GraphViz2Vec: A Structure-aware Feature Generation Model to Improve Classification in GNNs
Shraban Kumar Chatterjee, Suman Kundu
TL;DR
GraphViz2Vec addresses the deficiency of traditional GNN initial embeddings in capturing local graph structure and the tendency toward over-smoothing by introducing a structure-aware feature-generation pipeline. It combines random-walk induced subgraph projection, energy-based visualization via Kamada-Kawai layouts, and DenseNet-based image modeling to produce node embeddings that preserve neighborhood structure. The approach, decoupled from the GNN, enables state-of-the-art or near state-of-the-art performance across node and link classification tasks with only two GNN layers, reducing complexity and training requirements. Empirical results across diverse datasets and 12 GNN models demonstrate consistent improvements, with notable gains on several benchmarks and the ability to scale through batching and non-end-to-end feature extraction.
Abstract
GNNs are widely used to solve various tasks including node classification and link prediction.

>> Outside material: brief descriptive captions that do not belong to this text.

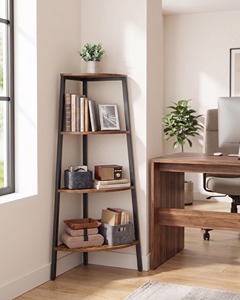 Estante de Madera Minimalista Tipo Escalera de 4 Niveles, Organizador de Almacenamiento Vertical para Dormitorio, Sala de Estar, Decoración del Hogar, Venta al Por Mayor desde India - Product Image 4
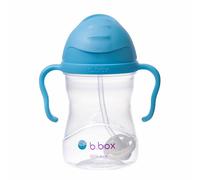 b.box Tasse d'Apprentissage Bébé | Pour Boire Quel que Soit l'Angle | Couvercle Rabattable, Gobelet avec Paille, Prise en Main Facile | Sans BPA, Passe au Lave-Vaisselle | Dès 6 Mois | 240 ml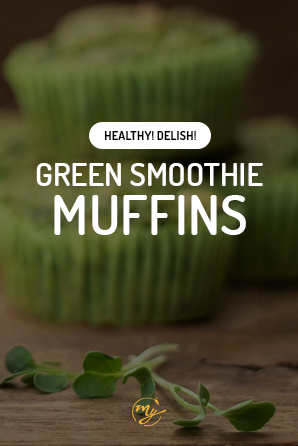 Healthy Green Smoothie Muffins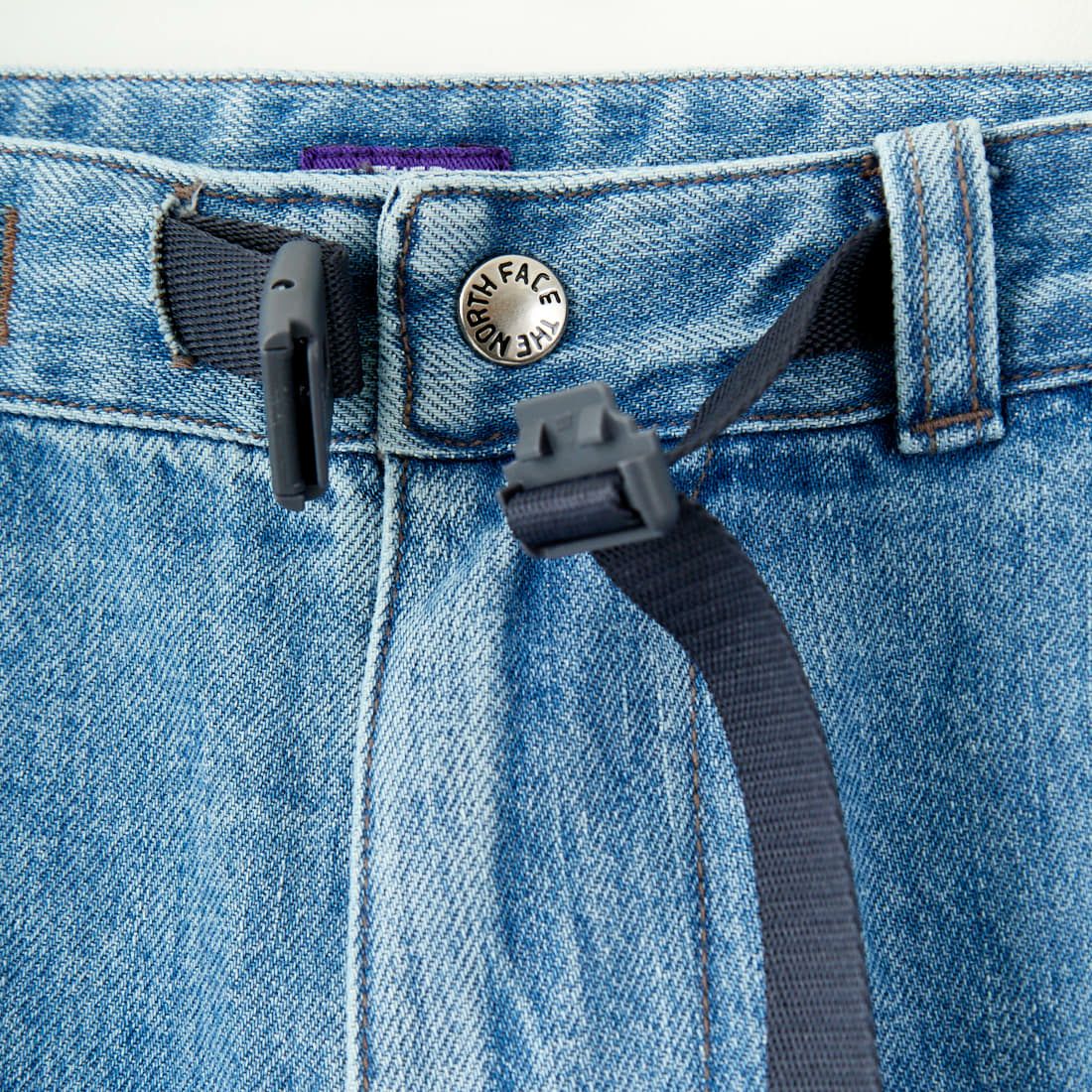 THE NORTH FACE PURPLE LABEL [ザ ノースフェイス パープルレーベル] デニムワイドテーパードフィールドパンツ [N25SC108] IB ID BLEA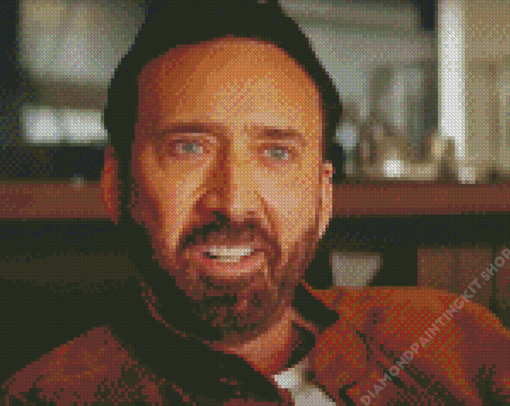 Aesthetic Nicolas Cage Diamond Painting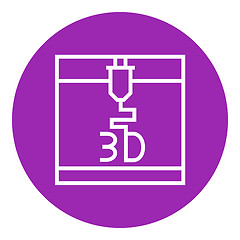 Image showing Tree D printing line icon.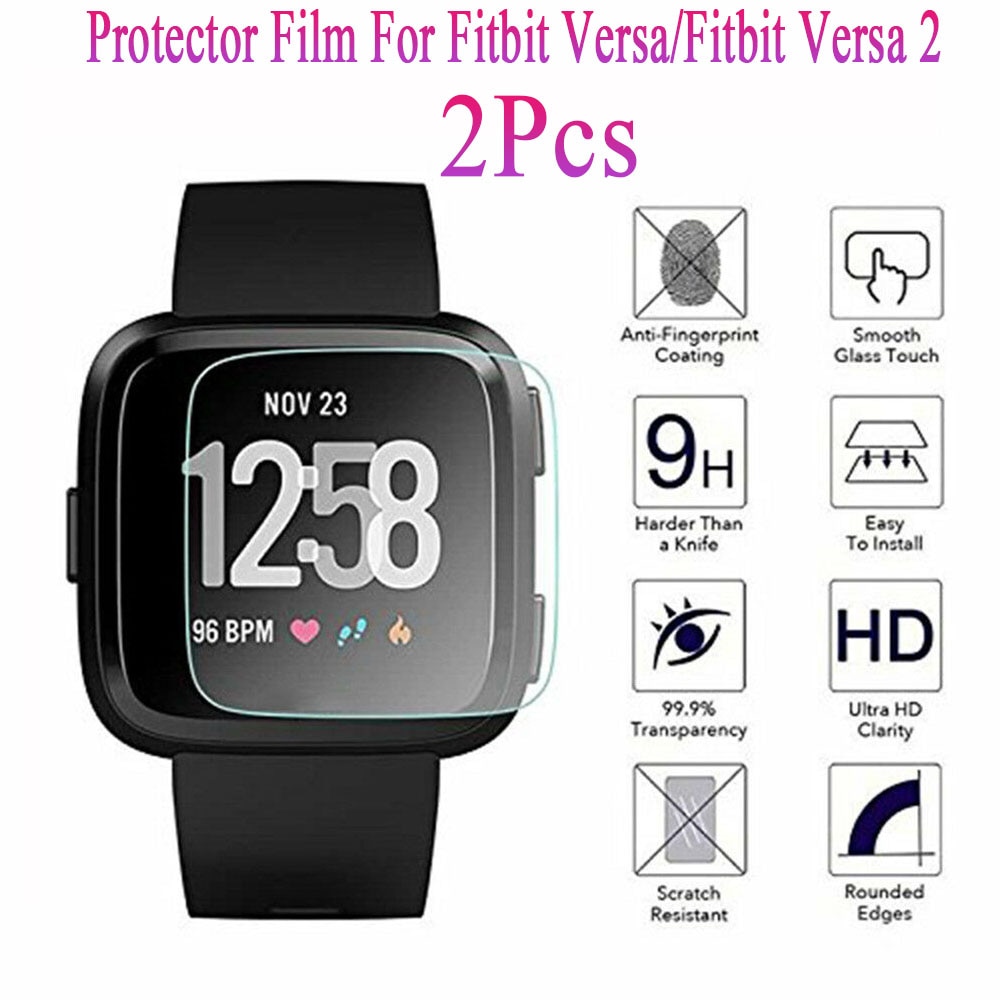Tpu Screen Protector Film Guard Voor Fitbit Versa/Fitbit Versa 2 Smart Horloge Volledige Cover Ultra Thin Clear screen Protectors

Most of the GNN architectures assume the initial embedding to be random or generated from popular distributions. These initial embeddings require multiple layers of transformation to converge into a meaningful latent representation. While number of layers allow accumulation of larger neighbourhood of a node it also introduce the problem of over-smoothing. In addition, GNNs are inept at representing structural information. For example, the output embedding of a node does not capture its triangles participation. In this paper, we presented a novel feature extraction methodology GraphViz2Vec that can capture the structural information of a node's local neighbourhood to create meaningful initial embeddings for a GNN model. These initial embeddings helps existing models achieve state-of-the-art results in various classification tasks. Further, these initial embeddings help the model to produce desired results with only two layers which in turn reduce the problem of over-smoothing. The initial encoding of a node is obtained from an image classification model trained on multiple energy diagrams of its local neighbourhood. These energy diagrams are generated with the induced sub-graph of the nodes traversed by multiple random walks. The generated encodings increase the performance of existing models on classification tasks (with a mean increase of $4.65\%$ and $2.58\%$ for the node and link classification tasks, respectively), with some models achieving state-of-the-art results.